NORTH FULTON, Ga. – Board of Education members from North Fulton are questioning enrollment projections that forecast fewer than 800 new students into area schools over the next five years, saying the rise in new construction does not support the low numbers.
By the 2018-19 school year, enrollment in North Fulton is projected to increase by 795 students, going from 50,201 students this year to 50,996 over five years.
In contrast, South Fulton could add nearly 4,300 new students and Sandy Springs an additional 2,067 students in the same time frame.
The five-year enrollment projections were released during a March 11 meeting of the Fulton Board of Education and are used for future construction/renovation planning.
“The enrollment drives so many of our processes, both within the general and capital [construction] fund,” said Patrick Burke, deputy superintendent of operations. “So think of [enrollment projections] as a chapter in a book, and an early chapter…we’ve got several chapters to go.”
But for Fulton Board of Education members Katie Reeves of Alpharetta and Linda McCain of Johns Creek, this chapter is a bit thin.
More than 4,000 housing units in various stages of development in North Fulton are currently being tracked by school planners. Adding to that, Reeves says are the many empty-nesters who are on the cusp of moving.
“We have a large number of neighborhoods with people who have kids in their 20s and they’ve been just waiting for the market to recover to sell their house,” said Reeves. “So I’m not sure the assumption of shrinking [growth] is entirely accurate.”
For school system planners, it’s hard to argue with success. Since revising their forecasting methodology 14 years ago, the system has been extremely precise in projecting enrollment. Last year, system planners came within a tenth of 1 percent in projecting a population of just over 95,000 students this year.
Yngrid Huff, director of planning for Fulton Schools, said the school system uses the SchoolSite forecasting model used in 170 school districts nationwide.
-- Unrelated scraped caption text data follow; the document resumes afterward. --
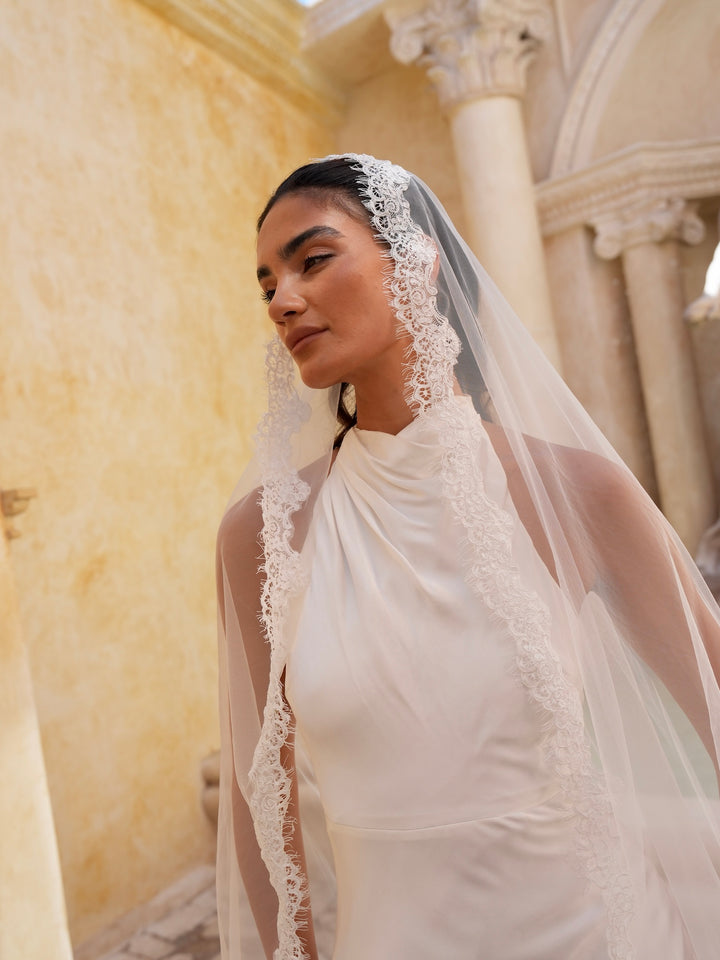 Alencon Lace Mantilla Veil, Single Tier, Cathedral Length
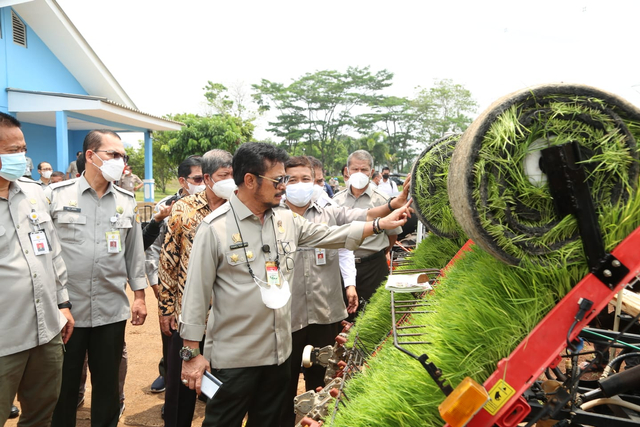 Mentan Syahrul Yasin Limpo saat uji coba Inovasi Teknologi Mekanisasi Pertanian Modern Untuk Lahan Kering di Balai Besar Pengembangan Mekanisasi Pertanian (BBP - Mektan) - Tangerang, Banten. Foto: Kementan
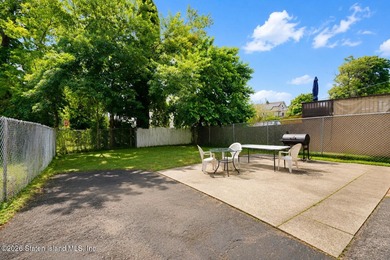 Welcome to 155 Fulton Street! This beautifully maintained - photo 32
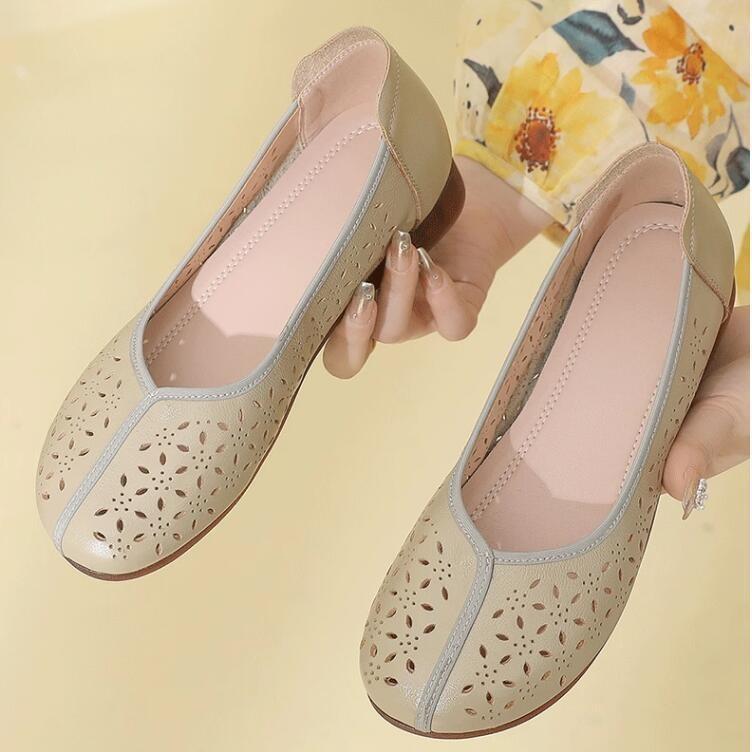 

Soft leather mother shoes new flat bottom hollow non-slip shallow mouth low top summer and autumn comfortable hole middle-aged and elderly women s 41 темного кольору хакі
The system looks at existing students as they move from grade to grade, residential development and land use, as well as student migration and private school returns.
Enrollment is expected to slow in North Fulton through 2018, said Huff, particularly in the lower grades.
“The annual growth of 282 students last year [in North Fulton schools] was the smallest growth the region has experienced in the last 10 years,” said Huff. “Smaller incoming classes are replacing graduating classes, which causes the region to appear more stagnant in growth.”
She noted total enrollment in kindergarten classes is 800 students smaller on average than the eighth, ninth, 10th and 11th grade classes.
But Reeves maintains the sheer number of new housing developments raises concerns about the accuracy of the numbers over time.
“We have a lot of unplanned-for growth that is coming down the pike, and I do believe our numbers, particularly our high school numbers are very low,” said Reeves. “I’m not sure I’m in total agreement [with the projections].”